Mit Andy Lau („Cold War“) kann sich Tsui Hark auch auf einen charismatischen, starken Dee-Darsteller verlassen, dem zwei ebenso starke Partner als Co-Ermittler beiseite stehen: Li Bingbing („Resident Evil: Retribution“) als rechte Hand der Kaiserin sowie Deng Chao („Heroes of War – Assembly“) als schlagkräftiger Gerichtsbeamter. In weiteren wichtigen Rollen dabei, aber nicht so eindrucksvoll sind Carina Lau („Let the Bullets Fly“) und Tony Leung Ka-Fai („Once Upon a Time in China“). In einem kleinen, aber nicht unwichtigen Part darf man auch Hongkong-Action-Urgestein Richard Ng („Shanghai Police“) bei der gewohnt guten Arbeit zusehen.
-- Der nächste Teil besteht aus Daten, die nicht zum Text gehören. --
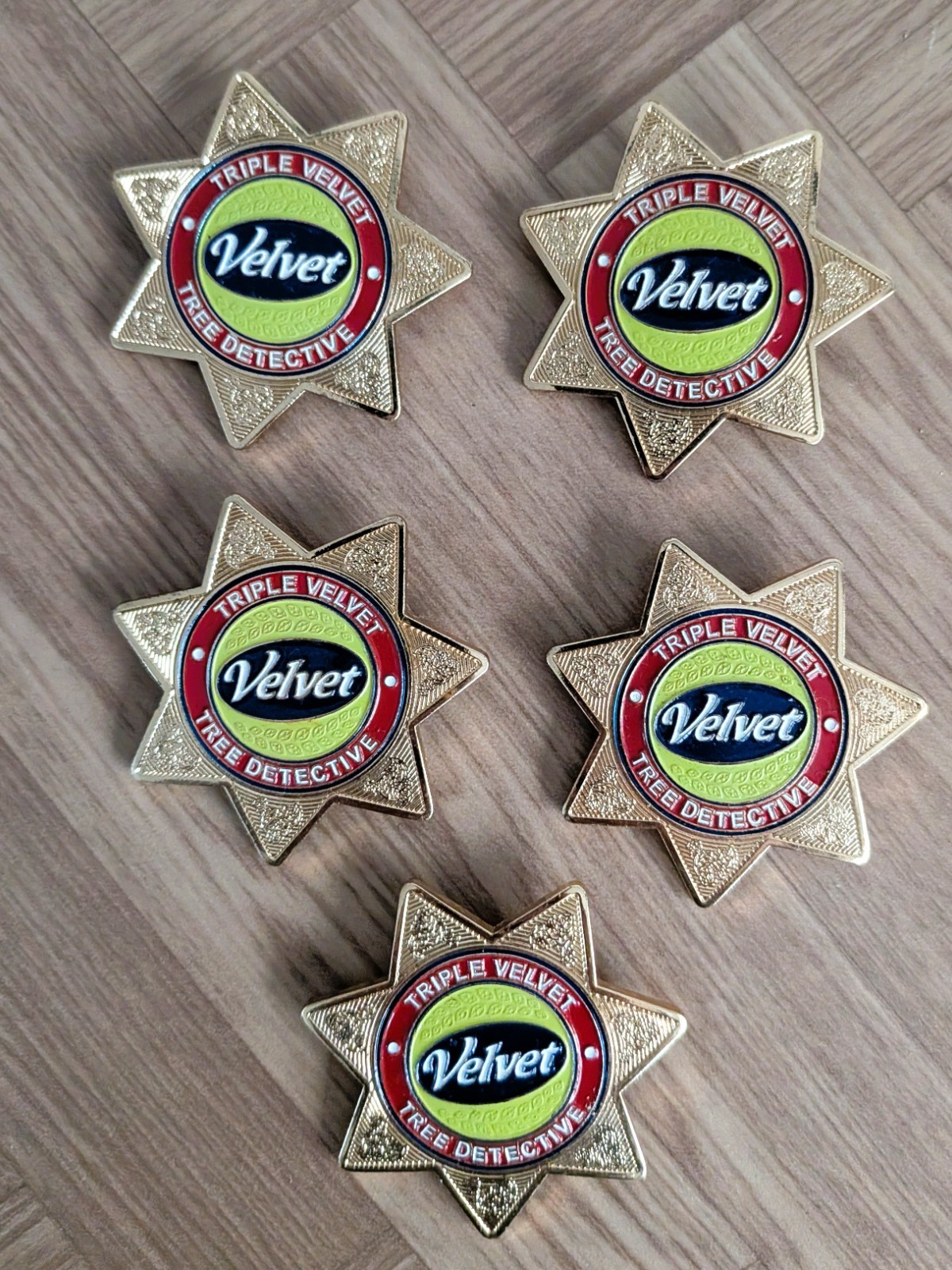5x Vintage Velvet Tissue Tree Detective Enamel Pin Badges Sheriff Star Promo 5x Vintage Velvet Tissue Tree Detective Enamel Pin Badges Sheriff Star Promo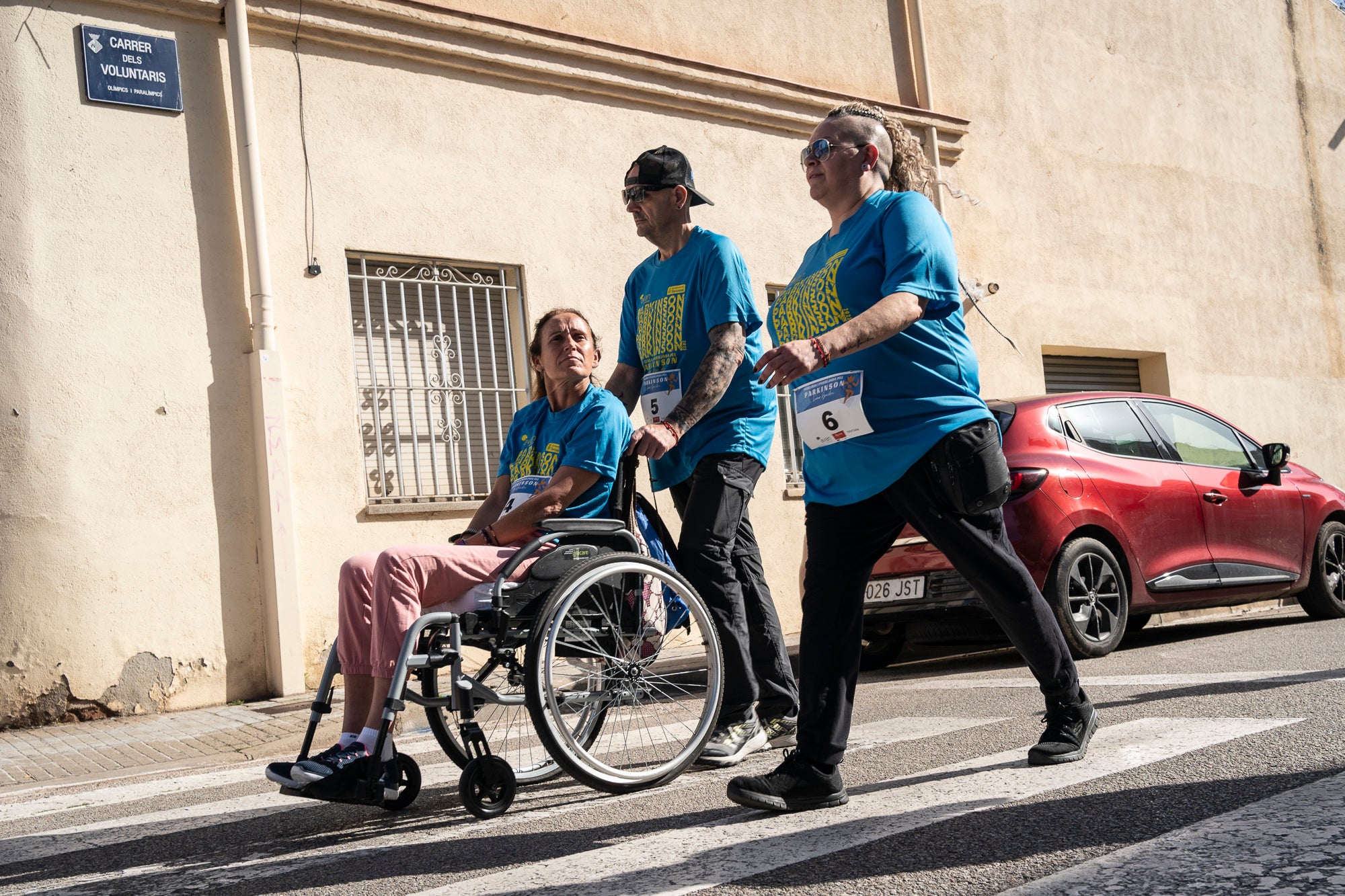 Aquest diumenge, 6 d'abril, la Fundació AVAN ha organitzat un any més la Cursa i Passejada solidària a Terrassa 'Leonor González'. Aquest esdeveniment esportiu i solidari, que enguany afrontava la seva vuitena edició, té com a principal objectiu donar visibilitat a les persones afectades per la malaltia de Parkinson. Com sempre, la cita ha donat el tret de sortida des de la plaça de la Cultura a les 10:00 hores. Tots els diners recaptats aniran destinats a la construcció i equipació del nou centre AVAN de Terrassa | Mireia Comas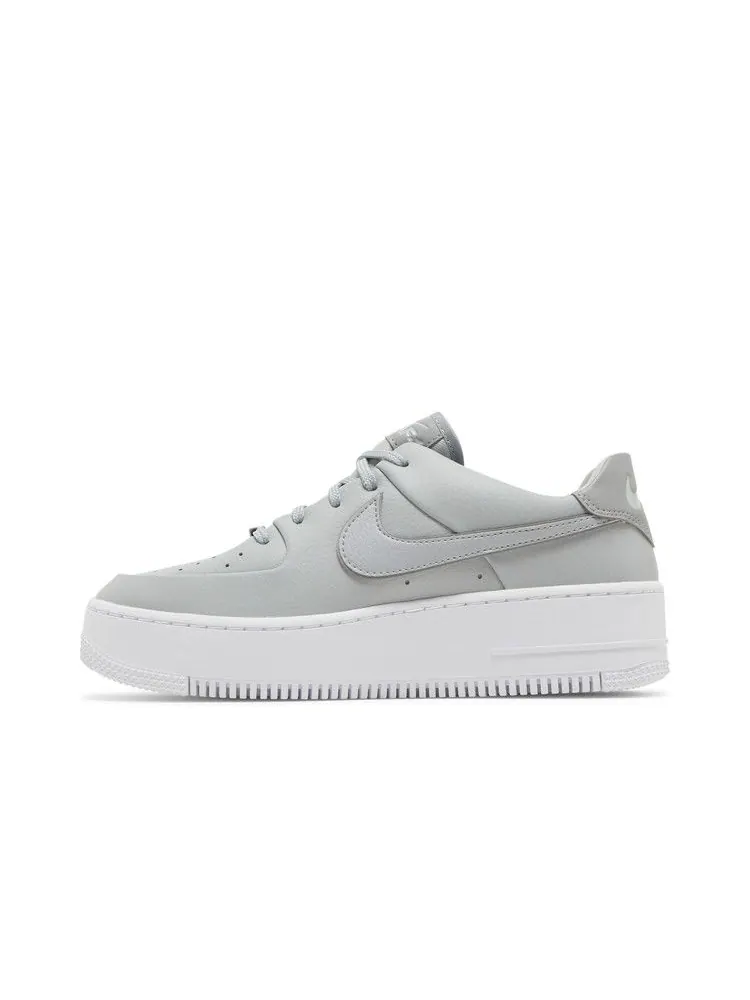 Кроссовки Nike Wmns Air Force 1 Sage Low 'Light Smoke Grey' — изображение 4 из 9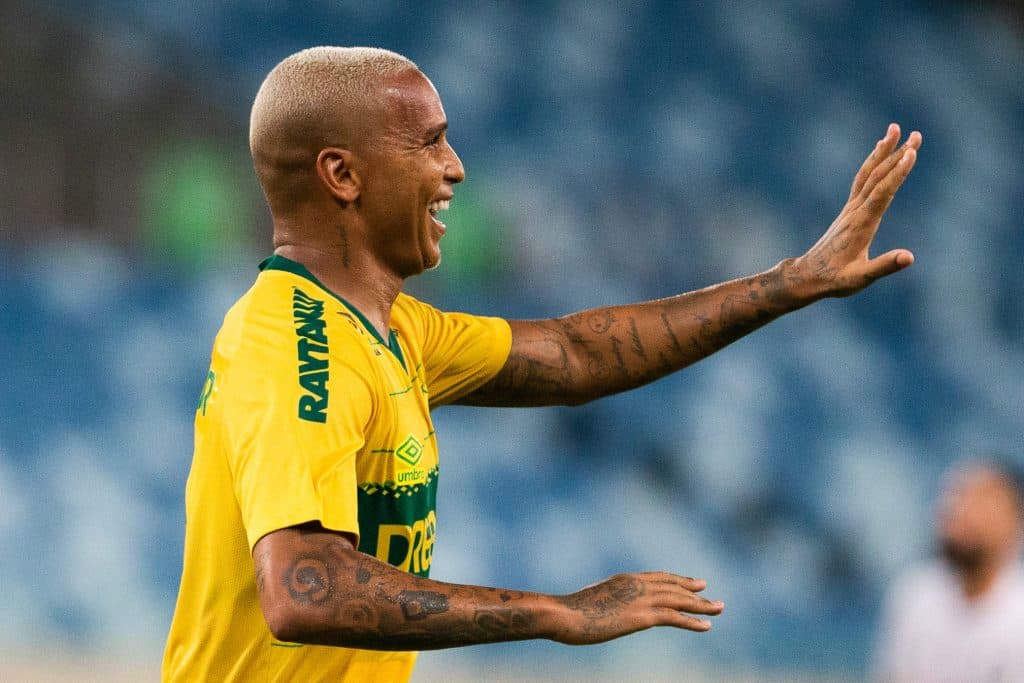 DECISIVO! Deyverson esquece pol&ecirc;micas e garante 50% dos pontos do Cuiab&aacute;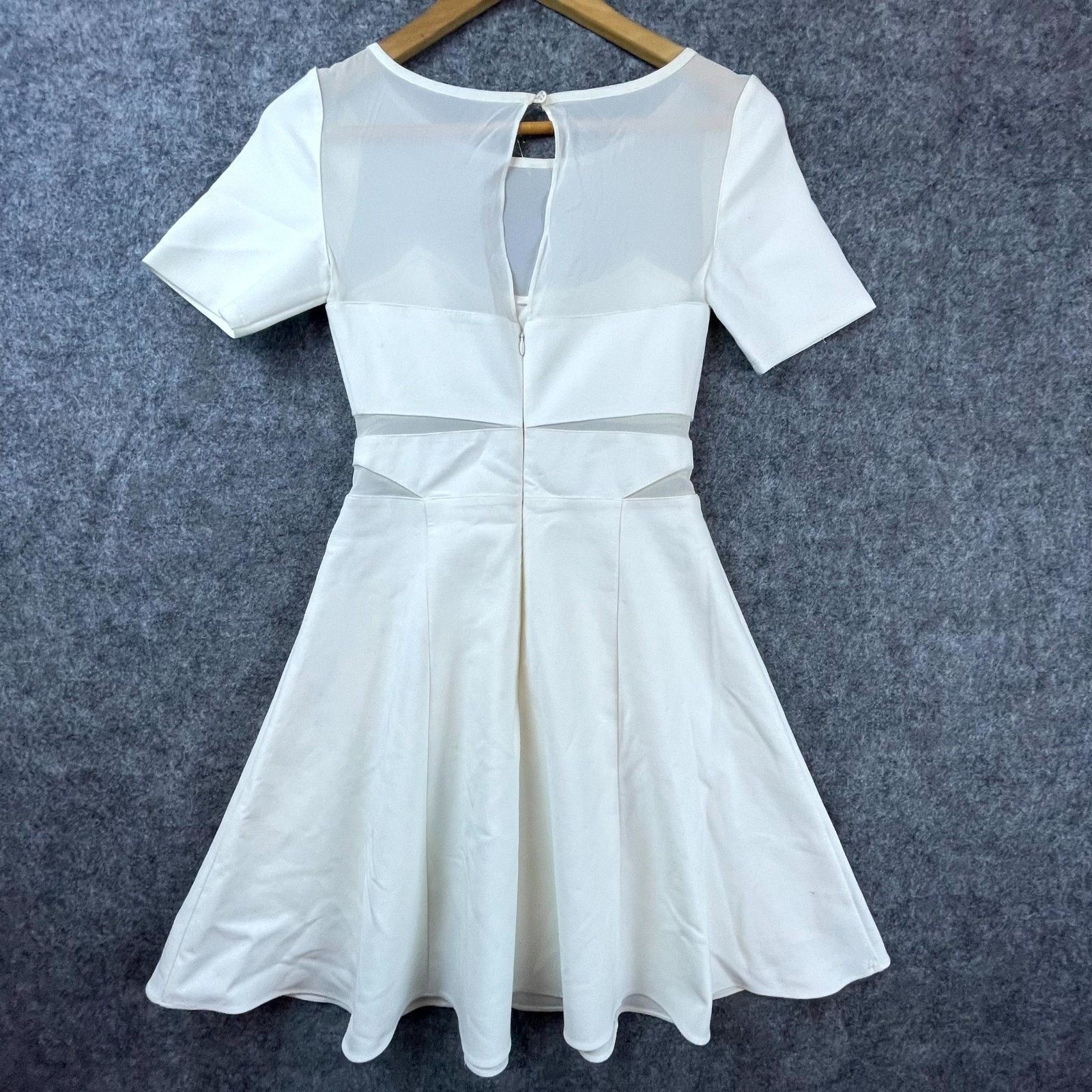 Elizabeth and James Elizabeth And James Skater Dress Women 0 White Pleated Sheer Size XS / US 0-2 / IT 36-38 - 2 Thumbnail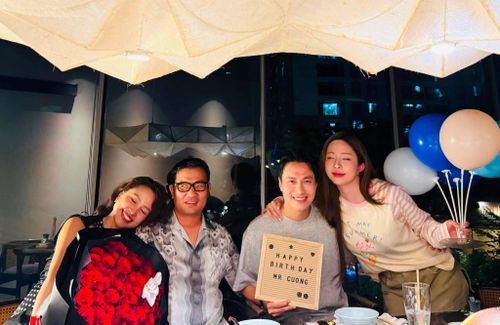 Trong loạt hình được bạn bè chia sẻ, Quỳnh Nga và Việt Anh không còn giữ khoảng cách như trước mà thoải mái ngồi cạnh nhau. Cả hai dành cho đối phương nhiều cử chỉ thân mật, khiến không khí buổi gặp mặt thêm phần ấm cúng.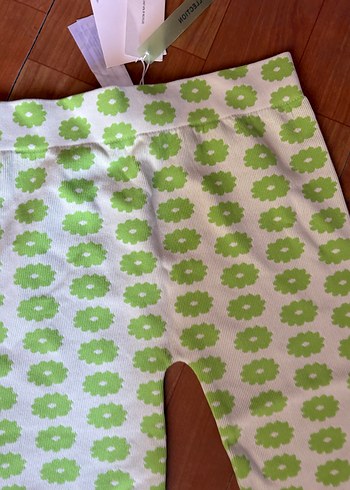 Zara Yarım Çiçekli Yeşil Tayt - Görsel 2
„Detective Dee und das Geheimnis der Phantomflammen“ ist eine bunte Wundertüte für Fans des asiatischen Kinos mit einer Mischung aus Fantasy, Martial Arts, Abenteuerfilm und Detektivgeschichte, voller Ideen wie klingenbewehrten Vogelmarionetten und Gesichtstransformationen durch Akupunktur. Wie in einer Wundertüte ist das Ganze allerdings reichlich durcheinander gerüttelt, weshalb der Mainplot da stellenweise ins Hintertreffen gerät und die Lösung des Hauptfalls fast schon banal erscheint – phantasievolle Unterhaltung mit reichlich Oberflächenreizen ist bis dahin allerdings garantiert.
Die mit FSK 12 ungekürzten DVDs und Blu-Rays sind bei Koch Media erschienen und bieten neben dem Film in guter Qualität noch ein wenig Bonusmaterial (B-Roll, Interviews, Trailer).